Prior to Windsor, a transfer to a same-sex spouse or a descendant of a same-sex spouse wouldn’t fit within the familial assignments under Section 2651(b) and, for GST tax purposes, would instead be assigned based on the difference in ages as set forth in Section 2651(d). Therefore, if, back in 2007, A and B were a same-sex married couple whereby A was 25 years older than B, because federal law didn’t recognize B as A’s spouse, and B wasn’t related by blood to A, B’s generational assignment as to A under Section 2651 was based on the age difference between A and B. Because B was 25 years younger than A, B was assigned to the generation immediately below A. If B had children from a prior relationship, and any of those children were more than 37 ½ years younger than A, those children would have been assigned to the second generation below A. If A had gifted amounts to B’s children in excess of the gift tax annual exclusion amount under Section 2503(b), any such transfers would have been transfers to a “skip person” under IRC Section 2613(a)(1) and resulted in a GST tax transfer as a direct skip under IRC Section 2612(c). Assuming that A had, at the time of the transfer, available GST tax exemption under Section 2631, such exemption would have been used on the transfer.

Under the Notice, the Treasury and the IRS have concluded that, as to a transfer from a party in a same-sex marriage, the allocation of GST tax exemption to a prior outright transfer to the transferor’s spouse or the spouse’s child is void. Applying this to the above example, even though B is 25 years younger than A, B is A’s spouse so B is assigned to A’s generation. Thus, any prior gifts by A to B or to any of B’s children—even in closed tax years—are now deemed to not have been GST tax transfers. Based on a calculation worksheet to be released in the future, A will have his GST tax exemption restored. As with the gift tax, if any GST taxes were paid and the particular tax year is closed, no refund is allowable. 

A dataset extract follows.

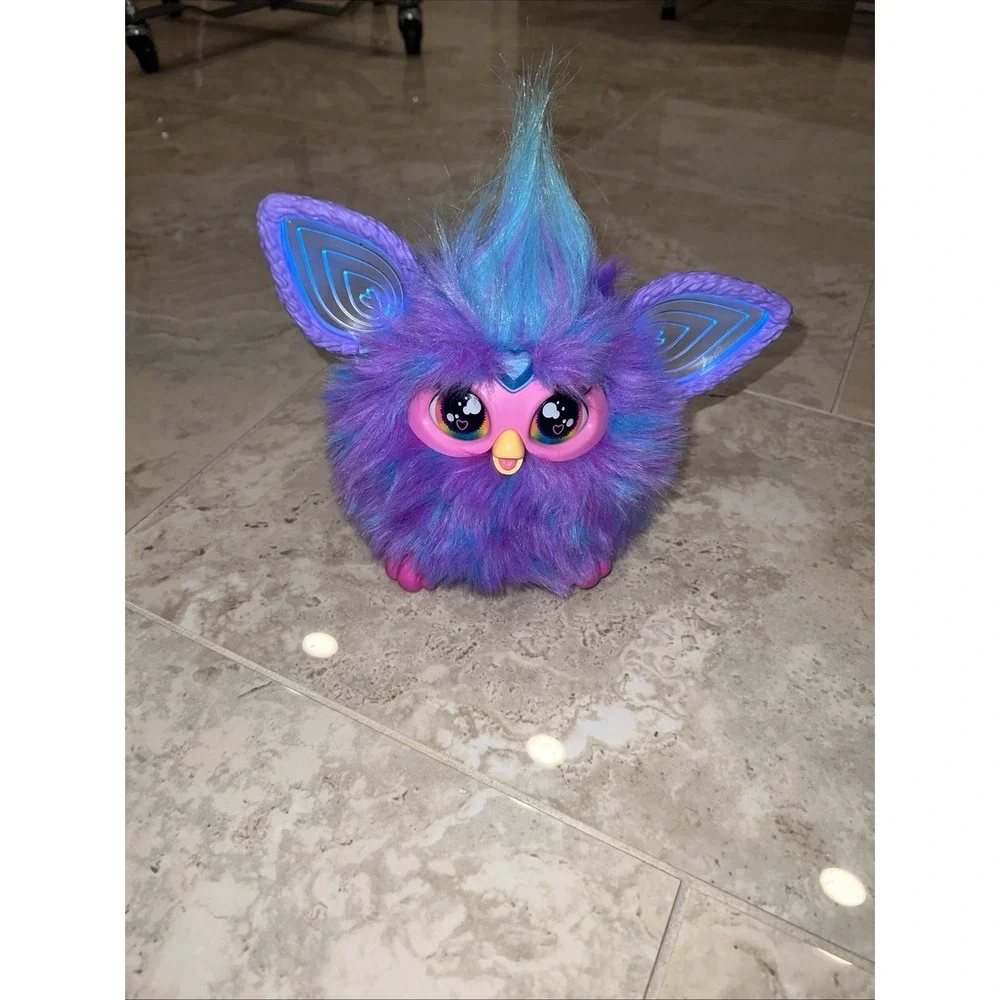 Furby Blue Purple Talking Plush‎ Interactive Electronic Toy 2023 Hasbro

Other Important Points from the Notice

With respect to the procedures for implementing the relief granted by the Notice, the Notice provides the same procedures with respect to the covered marital and GST tax transfers.

First, the adjustment for the applicable exclusion amount and GST tax exemption will occur on the first federal gift tax return (709) to be filed by the taxpayer after the issuance of the Notice. If the taxpayer dies prior to filing a 709, the adjustment should be made on the taxpayer’s federal estate tax return. If the year in question is an open year, then an amended Form 709 for that year should be filed.

Second, with whichever return is filed, a statement at the top of page 1 should be added, which reads, “FILED PURSUANT TO NOTICE 2017-15.”

Third, the taxpayer must attach a statement supporting the claim for the marital deduction/adjustment to the GST tax exemption and detailing the recalculation of the taxpayer's remaining applicable exclusion amount/GST tax exemption.

Major Step

For same-sex married couples who were denied federal tax benefits prior to the issuance of the Windsor decision, the Notice is a major step towards the reconciliation of constitutional law concepts and the practical effects when applied to federal tax statutes. The only open item with respect to the restoration of previously used gift tax applicable exclusion amount is to understand the methodology under which the IRS will implement the relief described in the Notice. The relief for GST tax exemption, however, doesn’t appear to be as complex, and its implementation should be much simpler procedure.



  1. United States v. Windsor, 570 U.S. ___ (2013).